Cada uno de los escalones de mármol, cubiertos todos de polvo, tiene dibujada la forma de los zapatos de taco alto de la prostituta que ha subido hace un momento; como si durante mucho tiempo ninguna otra persona hubiese utilizado esta escalera. Traté de que mis zapatos coincidieran, en lo posible, con las huellas de la mujer, sin saber bien por qué; quizá hay en el polvo acumulado algo que me impresiona, que me inclina al respeto.

Sigo hasta el segundo piso; la escalera desemboca en un pasillo, con puertas a ambos lados; cada una tiene un número, pero ninguno de ellos es el 24; en realidad, van del 25 al 48, impares a la derecha, pares a la izquierda. Bajo entonces hasta el primer piso, que es una réplica del segundo en cuanto a extensión y forma del pasillo, y próxima a la escalera está la pieza 24.
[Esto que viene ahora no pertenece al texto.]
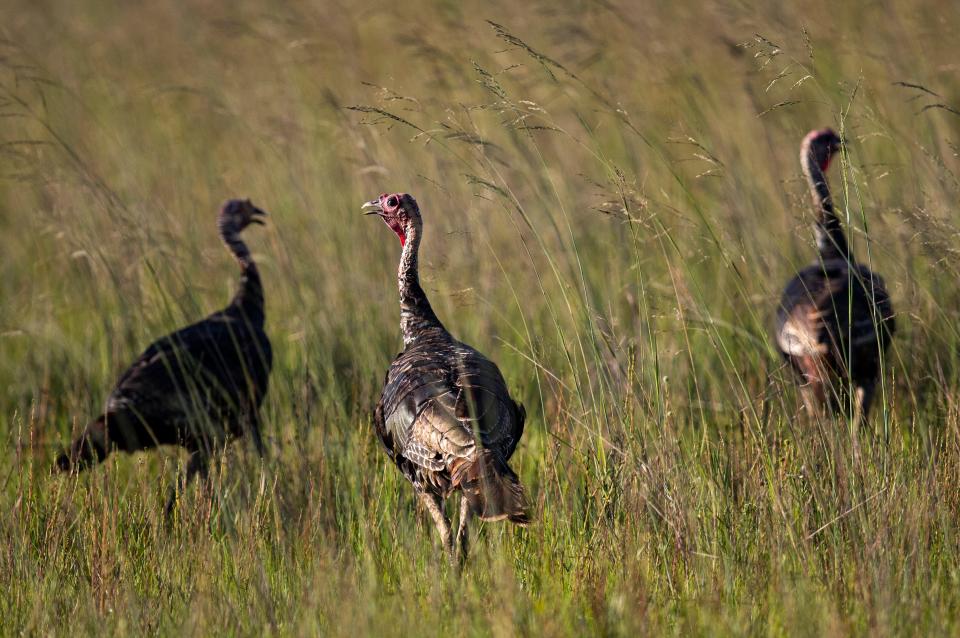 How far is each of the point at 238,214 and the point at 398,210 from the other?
1.82 meters

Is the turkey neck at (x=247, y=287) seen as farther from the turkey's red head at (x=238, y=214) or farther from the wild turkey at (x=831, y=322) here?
the wild turkey at (x=831, y=322)

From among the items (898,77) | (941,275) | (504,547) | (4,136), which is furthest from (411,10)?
(504,547)

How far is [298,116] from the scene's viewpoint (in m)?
8.73

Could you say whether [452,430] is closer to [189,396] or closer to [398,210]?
[398,210]

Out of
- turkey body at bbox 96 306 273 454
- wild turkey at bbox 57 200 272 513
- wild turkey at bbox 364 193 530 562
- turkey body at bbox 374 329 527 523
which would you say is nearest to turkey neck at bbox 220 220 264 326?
wild turkey at bbox 57 200 272 513

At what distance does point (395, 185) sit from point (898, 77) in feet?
9.27

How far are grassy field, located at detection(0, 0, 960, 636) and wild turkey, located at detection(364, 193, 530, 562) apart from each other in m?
0.15

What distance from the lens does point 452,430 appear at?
3.93m

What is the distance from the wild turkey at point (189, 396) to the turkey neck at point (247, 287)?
0.80ft

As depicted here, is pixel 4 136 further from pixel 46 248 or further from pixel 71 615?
pixel 71 615

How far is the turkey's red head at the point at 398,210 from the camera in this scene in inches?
195

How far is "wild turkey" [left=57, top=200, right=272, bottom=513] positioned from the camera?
501 cm

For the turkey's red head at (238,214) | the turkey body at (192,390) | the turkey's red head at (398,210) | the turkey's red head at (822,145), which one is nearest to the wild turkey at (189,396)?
the turkey body at (192,390)

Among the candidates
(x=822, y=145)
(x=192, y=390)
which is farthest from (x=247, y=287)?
(x=822, y=145) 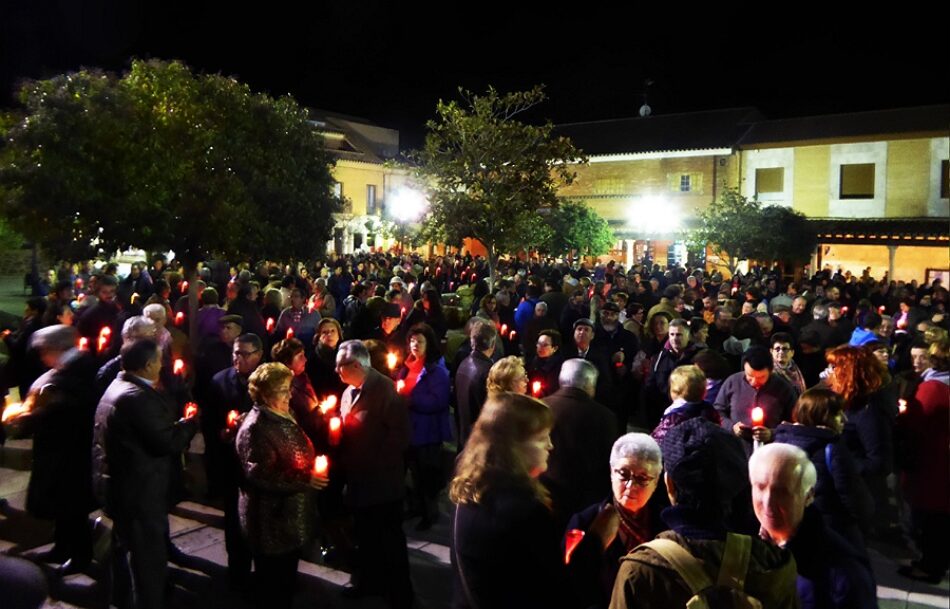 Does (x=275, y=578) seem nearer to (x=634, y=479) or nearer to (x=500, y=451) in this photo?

Está cerrada sin llave; entro. Es una pieza pequeña, que comunica con un pequeño cuarto de baño. Cerré por dentro con pasador, dejé la valija en el piso y el impermeable sobre una mesita, y sin desvestirme ni quitarme los zapatos me tiré sobre la estrecha cama turca, que crujió. El techo había sido blanco; ahora estaba lleno de manchas, quizá de humedad, que componían una decoración interesante; pero ya tendría tiempo de jugar con los elementos decorativos. Cerré los ojos y traté de descansar.

Sin embargo el descanso es algo que se me niega sistemáticamente. La mezcla de preocupaciones, nuevas y antiguas, personales y cósmicas, hizo afluir otra vez el torrente de pensamientos; cada uno de ellos tiene algo que decir, y quiere destacarse por encima de los otros, reclamándome, tratando cada uno de llevarme en una dirección distinta. Procuro escaparme, busco fijar la atención en una sola cosa; pienso en París, y de inmediato surgió la comparación entre el París actual, que yo estaba conociendo o reconociendo, y el que de alguna manera yacía latente en mi memoria. Quiero definir hasta qué punto esta memoria es verdadera, y aparece una inquietud mayor que las anteriores; comprendo que durante el viaje me dirigía a París con una actitud, si no turística, un tanto novelera; como si viajara a París para conocerlo; ahora me imagino a mí mismo, durante ese viaje sin memoria, haciendo conjeturas y fantaseando en torno a la ciudad, en torno a lo que esperaba ver y descubrir allí; luego, una vez en la estación, comencé a vivir las cosas de otra manera, a recordar.